• _Provided data_
····················
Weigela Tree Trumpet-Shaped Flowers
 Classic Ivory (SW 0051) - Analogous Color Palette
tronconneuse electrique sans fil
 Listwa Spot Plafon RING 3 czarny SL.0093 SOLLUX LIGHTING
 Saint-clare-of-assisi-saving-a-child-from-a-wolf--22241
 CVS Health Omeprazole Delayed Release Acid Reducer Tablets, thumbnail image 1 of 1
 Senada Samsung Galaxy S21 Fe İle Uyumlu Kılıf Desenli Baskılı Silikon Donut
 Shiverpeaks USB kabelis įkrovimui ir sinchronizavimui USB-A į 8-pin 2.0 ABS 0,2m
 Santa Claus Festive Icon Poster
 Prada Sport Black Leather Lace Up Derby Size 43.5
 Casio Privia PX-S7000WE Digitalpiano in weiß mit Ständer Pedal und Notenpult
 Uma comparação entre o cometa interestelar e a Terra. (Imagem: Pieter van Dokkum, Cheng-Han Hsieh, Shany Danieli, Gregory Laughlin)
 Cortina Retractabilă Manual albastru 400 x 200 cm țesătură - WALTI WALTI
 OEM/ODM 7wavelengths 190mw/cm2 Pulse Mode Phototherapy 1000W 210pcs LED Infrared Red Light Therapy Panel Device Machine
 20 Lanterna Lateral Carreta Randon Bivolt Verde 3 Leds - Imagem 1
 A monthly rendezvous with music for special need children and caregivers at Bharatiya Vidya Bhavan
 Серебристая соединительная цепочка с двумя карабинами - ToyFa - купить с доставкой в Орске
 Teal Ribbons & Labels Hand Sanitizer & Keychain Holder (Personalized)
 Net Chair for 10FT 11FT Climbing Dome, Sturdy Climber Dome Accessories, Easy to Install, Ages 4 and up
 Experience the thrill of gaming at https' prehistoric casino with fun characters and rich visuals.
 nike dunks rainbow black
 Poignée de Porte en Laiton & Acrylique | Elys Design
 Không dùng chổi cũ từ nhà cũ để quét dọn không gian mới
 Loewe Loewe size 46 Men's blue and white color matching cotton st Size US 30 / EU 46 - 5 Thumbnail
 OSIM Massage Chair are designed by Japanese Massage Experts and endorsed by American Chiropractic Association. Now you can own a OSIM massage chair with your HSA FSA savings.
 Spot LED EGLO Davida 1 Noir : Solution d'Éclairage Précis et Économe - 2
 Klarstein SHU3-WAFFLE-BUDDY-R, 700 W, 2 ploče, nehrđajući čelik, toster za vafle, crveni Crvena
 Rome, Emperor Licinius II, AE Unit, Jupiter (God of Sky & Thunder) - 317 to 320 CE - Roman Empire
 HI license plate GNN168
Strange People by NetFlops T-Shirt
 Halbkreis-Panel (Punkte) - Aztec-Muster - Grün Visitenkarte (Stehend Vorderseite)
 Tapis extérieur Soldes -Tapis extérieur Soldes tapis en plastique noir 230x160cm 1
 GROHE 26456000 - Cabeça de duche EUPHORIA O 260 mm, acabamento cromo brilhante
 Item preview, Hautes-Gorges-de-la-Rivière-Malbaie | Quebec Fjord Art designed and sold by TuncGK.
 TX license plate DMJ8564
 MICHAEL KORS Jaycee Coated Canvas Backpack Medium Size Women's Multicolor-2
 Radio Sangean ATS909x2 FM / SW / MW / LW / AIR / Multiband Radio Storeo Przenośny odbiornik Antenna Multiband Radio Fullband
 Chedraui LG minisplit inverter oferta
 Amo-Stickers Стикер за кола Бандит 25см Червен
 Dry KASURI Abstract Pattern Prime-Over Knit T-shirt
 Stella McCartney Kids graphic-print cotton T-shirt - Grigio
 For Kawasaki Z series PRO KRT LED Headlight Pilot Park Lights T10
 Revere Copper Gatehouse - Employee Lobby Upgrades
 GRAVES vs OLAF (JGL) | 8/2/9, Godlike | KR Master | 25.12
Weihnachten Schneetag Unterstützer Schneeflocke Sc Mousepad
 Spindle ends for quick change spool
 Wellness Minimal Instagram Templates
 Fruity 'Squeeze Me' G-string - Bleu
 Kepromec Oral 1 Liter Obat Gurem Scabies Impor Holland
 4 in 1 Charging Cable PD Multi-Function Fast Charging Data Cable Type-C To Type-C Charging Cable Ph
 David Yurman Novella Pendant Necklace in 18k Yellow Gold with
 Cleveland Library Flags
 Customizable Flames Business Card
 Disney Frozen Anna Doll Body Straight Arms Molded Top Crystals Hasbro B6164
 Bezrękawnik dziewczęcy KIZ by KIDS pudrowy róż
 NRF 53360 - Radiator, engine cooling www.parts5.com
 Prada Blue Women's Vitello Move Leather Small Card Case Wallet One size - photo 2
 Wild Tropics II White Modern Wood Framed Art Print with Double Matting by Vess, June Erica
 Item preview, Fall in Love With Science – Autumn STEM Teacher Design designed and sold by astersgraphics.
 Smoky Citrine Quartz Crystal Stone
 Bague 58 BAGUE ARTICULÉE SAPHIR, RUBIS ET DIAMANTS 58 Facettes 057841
····················
• _Task_
Copy the stretch of the records above that runs from the line with "Disney Frozen Anna" through the line with "Prada Blue Women's". Both end lines belong in the copy, and nothing else does.

• _Answer section_
 Disney Frozen Anna Doll Body Straight Arms Molded Top Crystals Hasbro B6164
 Bezrękawnik dziewczęcy KIZ by KIDS pudrowy róż
 NRF 53360 - Radiator, engine cooling www.parts5.com
 Prada Blue Women's Vitello Move Leather Small Card Case Wallet One size - photo 2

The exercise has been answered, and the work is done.